About
Jordan Sekula
AI Systems Architect — agentic orchestration, minimal human-in-the-loop by design
I'm Jordan. I don't consult on AI strategy decks — I operate AI-native businesses and ship the systems that run them. My proving ground is live operations: a multi-brand commercial platform where agents run the full client lifecycle — booking engines, CRM portals, review response, web builds, and a complete content-generation engine from research to creative to scheduling to reporting — across hundreds of brand channels. And a public-data intelligence platform that tracks 8,000+ entities across 56 jurisdictions, autonomously.
Different industries, same architecture: agents do the work, evals prove it's right, humans approve only what can't be undone.
We are in a brief window where humans and AI work in hybrid partnership before AI handles most of the work independently. I build for exactly this transition. The companies I work with aren't experimenting with AI — they're restructuring around it, turning slow, manual operational layers into agentic systems that schedule, communicate, report, and decide, so their teams spend their hours on judgment and relationships instead of busywork.
This hybrid stretch — call it the centaur window — is measured in low single-digit years. The question isn't whether your workflows get automated. It's whether you're the one designing how, or reacting after someone else does.
Proven outcomes
3 roles → 1 system
Partnership ops across hundreds of brand channels
4 hrs → 12 min
Client response time, in the owner's own voice
3 days → overnight
Monthly reporting, 12 locations, 6 data sources
What I operate
Revenue & client systems — booking engines, CRM portals, e-sign workflows, and client-facing web builds, wired into the tools the business already runs.

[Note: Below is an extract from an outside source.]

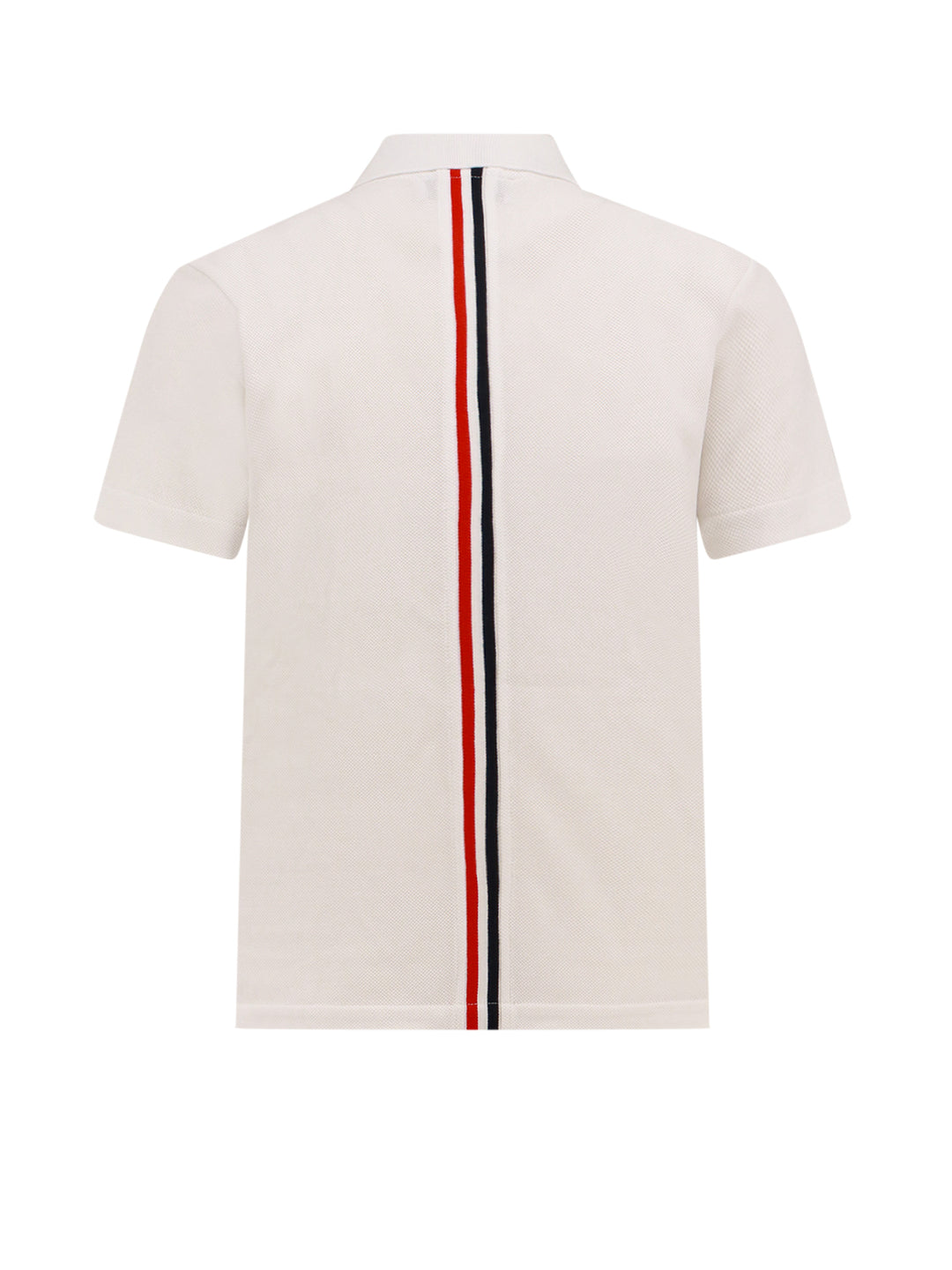 Cotton polo shirt with back tricolor bands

Communication engines — multi-persona, voice-matched outbound across email, social DMs, and review platforms. Hundreds of interactions a week; humans see only the exceptions.

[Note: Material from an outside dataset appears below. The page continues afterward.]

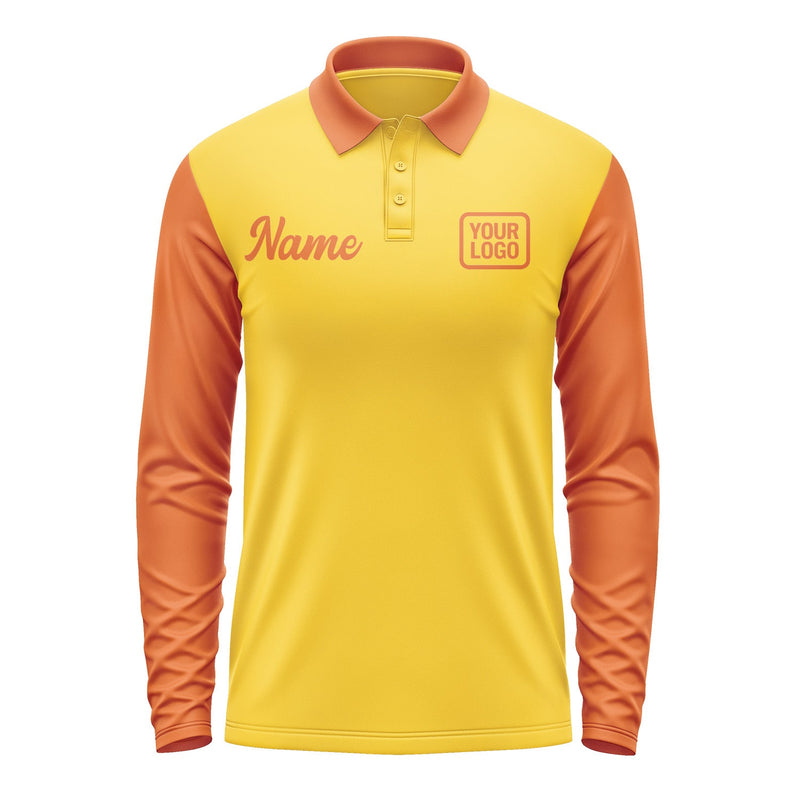 Custom Gold Orange Long Sleeve Polo Shirt Pl302828B128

Content-generation verticals — end-to-end engines: brand research, creative rendering, QA against brand systems, scheduling, and performance reporting. The whole pipeline, not a writing assistant.

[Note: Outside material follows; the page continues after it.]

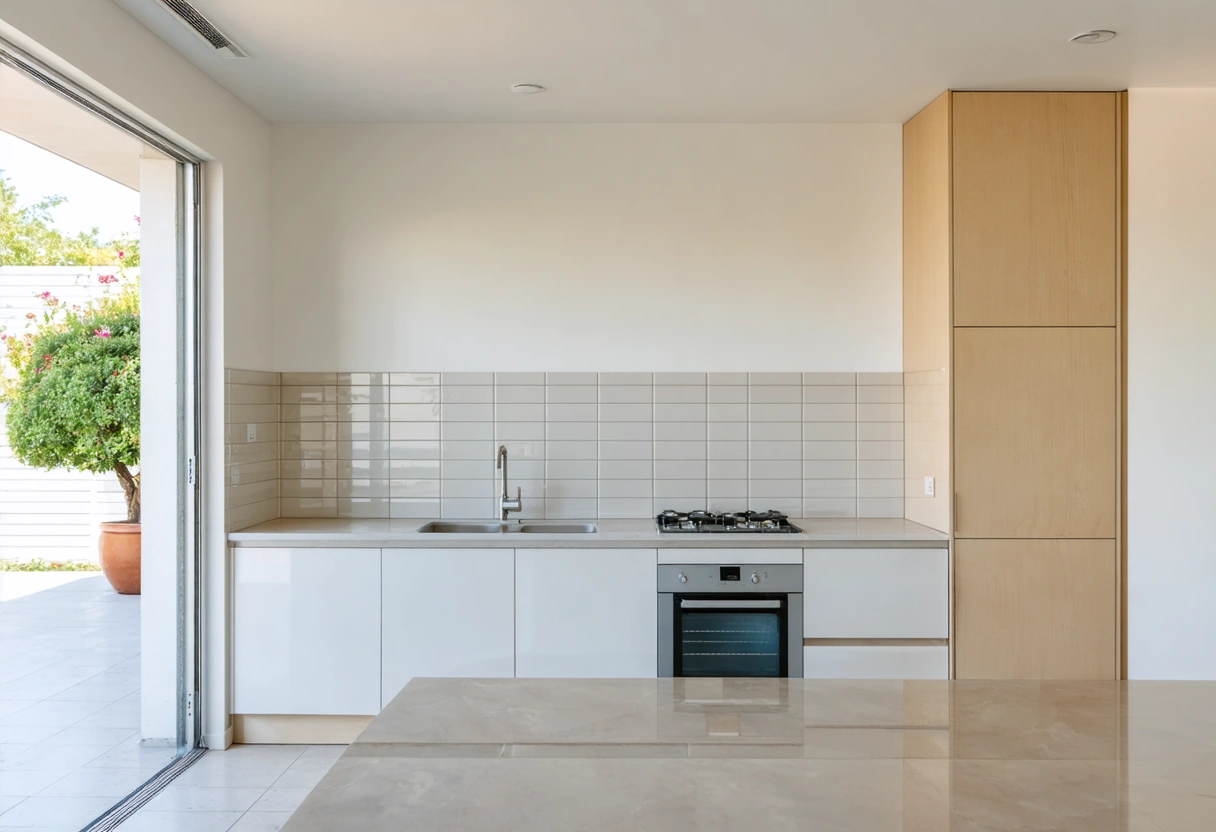 Modern kitchen with well-maintained grout, clean tiles, bright atmosphere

Reputation & presence — review response across Google and the major vertical review platforms; Wikipedia and Reddit presence management; the public-facing layer most firms handle reactively, run proactively.
Data & intelligence platforms — multi-source ingestion under hard rate-limit budgets, AI summarization with groundedness checks, drift detection, and automated data-health audits. See the flagship platform below for the live example.
The connective tissue — custom MCP servers in production, deployed as OAuth-protected connectors, so every system above speaks to every tool below it.
Flagship build: autonomous data intelligence, zero staff
The clearest demonstration of what AI-native actually means is a platform I run with zero staff: a public-data intelligence system tracking thousands of entities, the documents they produce, and the financial filings that connect them — across 56 jurisdictions.
The numbers a CTO will care about:
- 8,000+ entity profiles — synced on scheduled, unattended pipelines, with status and role changes caught automatically
- 13,000+ documents ingested and AI-summarized, with groundedness checks before a summary ever reaches an end user
- 34,000+ geographic records across 56 jurisdictions, so any user can resolve every relevant record from a single location lookup
- Five authoritative data sources — registries, filing databases, and geographic datasets — reconciled into one schema, including parsing disclosure PDFs that were never meant to be machine-read
- Hard API budgets, engineered around — one upstream source allows 250 requests a day; the sync pipelines rotate segments across the week to live inside that budget without ever going stale
- Automated data-health audits — stale records, orphaned relationships, and broken sources get caught by the system, not by users
No data-entry team. No moderation queue. The humans in the loop are the readers. That's the operating model I bring to commercial systems.
How I know it works
Anyone can demo an agent. The enterprise question is how you know it's still right on day 200.
Evals before deploys — golden datasets and evaluation harnesses for anything client-facing; prompts are release artifacts with version control and change review.
Observability end to end — every prompt, tool call, and outcome traced. When something drifts, I see it before the client does.
Drift is assumed, not discovered — scheduled regression runs and data-health audits, because model behavior changes even when your code doesn't.
How I work
Discovery — map the workflow, the tools it touches, and the specific hours it's costing you.
Pilot — a fixed-scope build on one workflow, typically live in 6–8 weeks, with a clear success metric agreed up front.
Production — hardened, monitored, and rolled out with your team trained on it.
Support — ongoing monitoring, iteration, and expansion to the next workflow.
Built to be trusted
Your data stays yours — systems run against your own accounts with scoped, least-privilege credentials and permission boundaries at every tool interface. PII never lands where it doesn't belong.
Guardrails, then autonomy — approval gates on anything irreversible or client-facing, with the explicit goal of retiring each gate as the eval record earns it. Minimal human-in-the-loop isn't recklessness — it's the dividend of testing.
Observable and reversible — every agent action logged and traceable, failures degrade safely, and there's always a way back.